Cependant le même Bertrand Jourdan déclarait, dans un autre article paru sur France Inter.fr, que « par les analyses ADN, on peut obtenir des informations sur la provenance des ancêtres d’un individu. » Et de conclure prudemment « qu’il n’y a aucun lien entre les différences génétiques entre groupes et des différences de capacités cognitives. ». De cela, au moins, nous en sommes convaincus. Si ce n’était pas le cas, on pourrait nous taxer d’avoir une approche raciste de l’humanité. Seulement ce qui est dit ici en filigrane, c’est que des différences génétiques – assertion corroborée par d’autres scientifiques – subsistent quand on se donne la peine de les chercher, jetant du coup une ombre sur cette belle théorie de l’homogénéité humaine.

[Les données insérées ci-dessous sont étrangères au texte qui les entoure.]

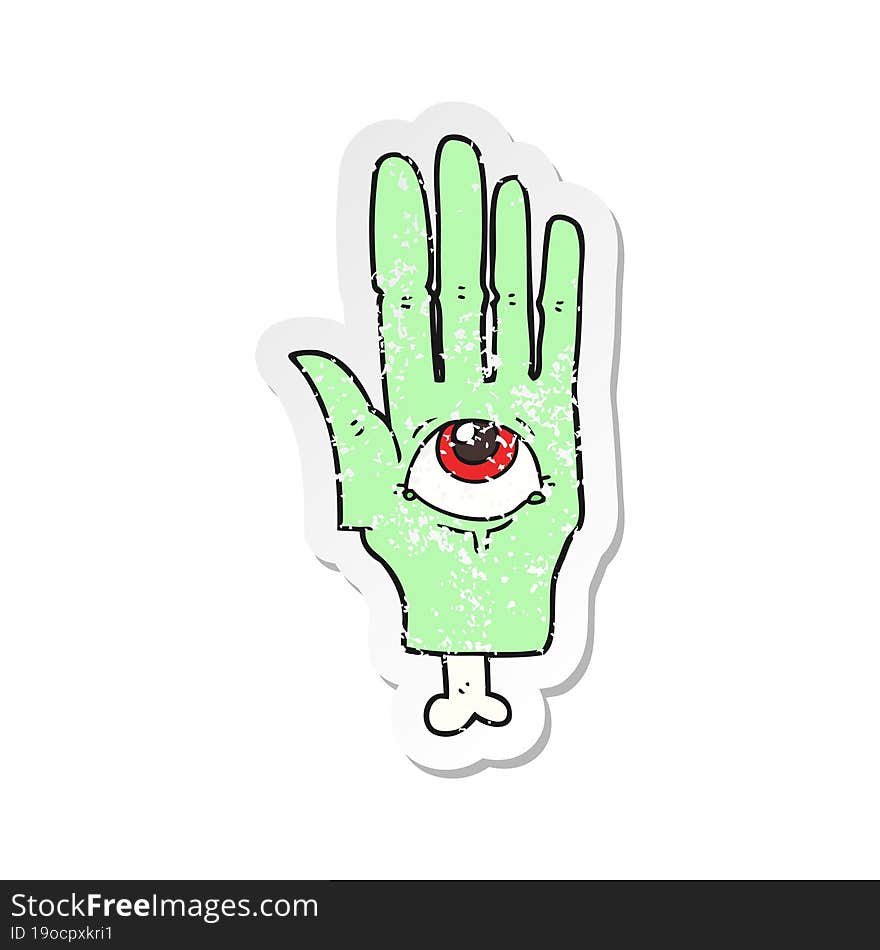 retro distressed sticker of a cartoon spooky eye hand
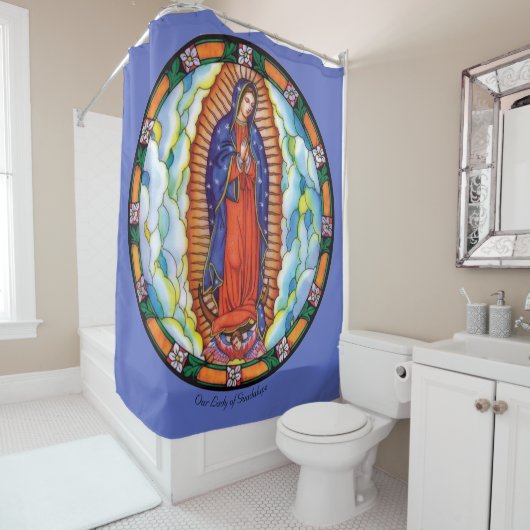 グアダルーペブルーシャワーカーテンの大きな我々の女性 シャワーカーテン (インサイチュ)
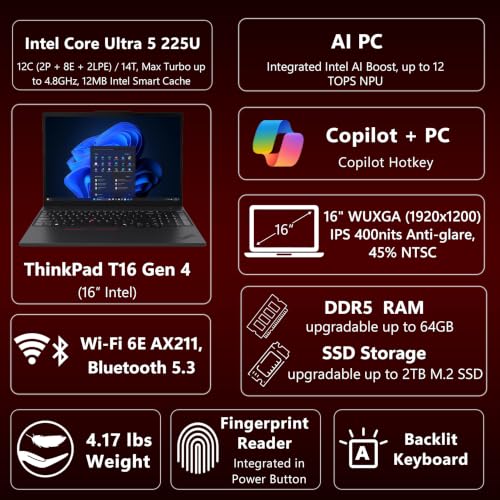 Image of Lenovo ThinkPad T16 Gen 4, Intel Ultra 5 225U, Laptop Computer for Business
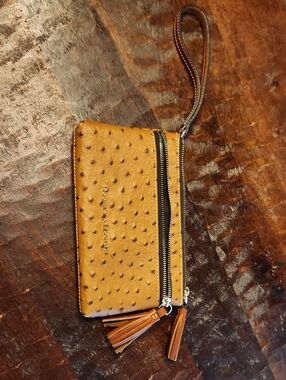 Dooney & Bourke Tan Ostrich-Textured Zip Wristlet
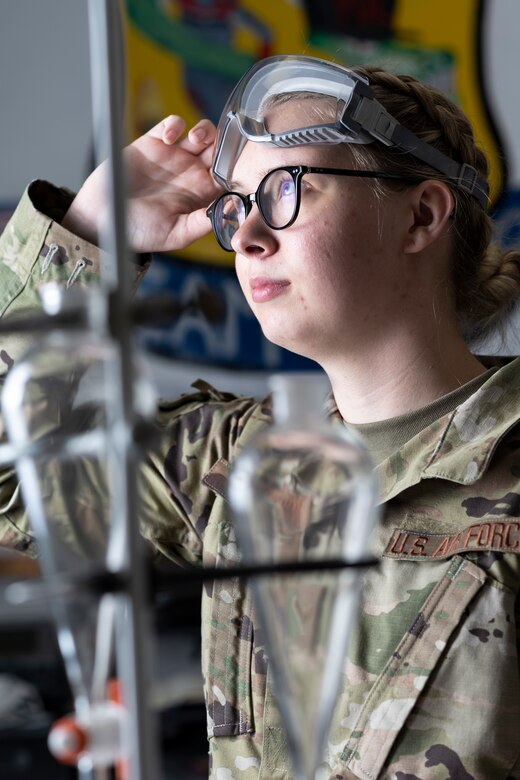 Portrait of a fuels laboratory technician Airman.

Ces différences, pourquoi une certaine intelligentsia veut à ce point les occulter ? Par crainte de froisser la susceptibilité de ceux dont les ancêtres ont été colonisés par les occidentaux ? Ou par peur de donner ainsi du crédit à des poussées de racisme primaire ? N’est-ce pas plutôt cette parole politiquement correcte qui risque de favoriser un retour en force du refoulé racial – au nom de la liberté de pensée - et donc de s’avérer contre-productive ?
En proposant, récemment, de supprimer le mot « race » du préambule de notre constitution au profit du mot « origine », Emmanuel Macron et ses députés ne font pas autre chose que de « gazer » frileusement notre langue. Pensent-ils réellement que la cause du racisme est dans le mot « race » ? Et qu’en l’éradiquant de ce texte princeps on va du même coup en juguler les effets les plus sinistres ?
Ce parti-pris nominaliste n’est pas seulement naïf ; il est également dangereux pour les perspectives de censure et d’appauvrissement linguistique qu’il ouvre. Avec lui plane le spectre de l’administration orwellienne. D’autre part, il n’est pas du tout certain qu’il fasse rapidement consensus dans la population. Et il y a gros à parier que les policiers et les médecins-légistes, quand ils lanceront un avis de recherche ou autopsieront un cadavre, continueront à se référer aux vieilles catégories de races et de couleur de peau.
Osons le dire sans détour : la peur et le rejet de l’autre existent en dehors de leur nomination. Ils sont naturels à tout être vivant et mieux vaut les regarder bien en face. Ce n’est pas par la logomachie mais seulement par une éducation raisonnable et généreuse qu’on peut espérer les endiguer dans l’esprit des générations futures.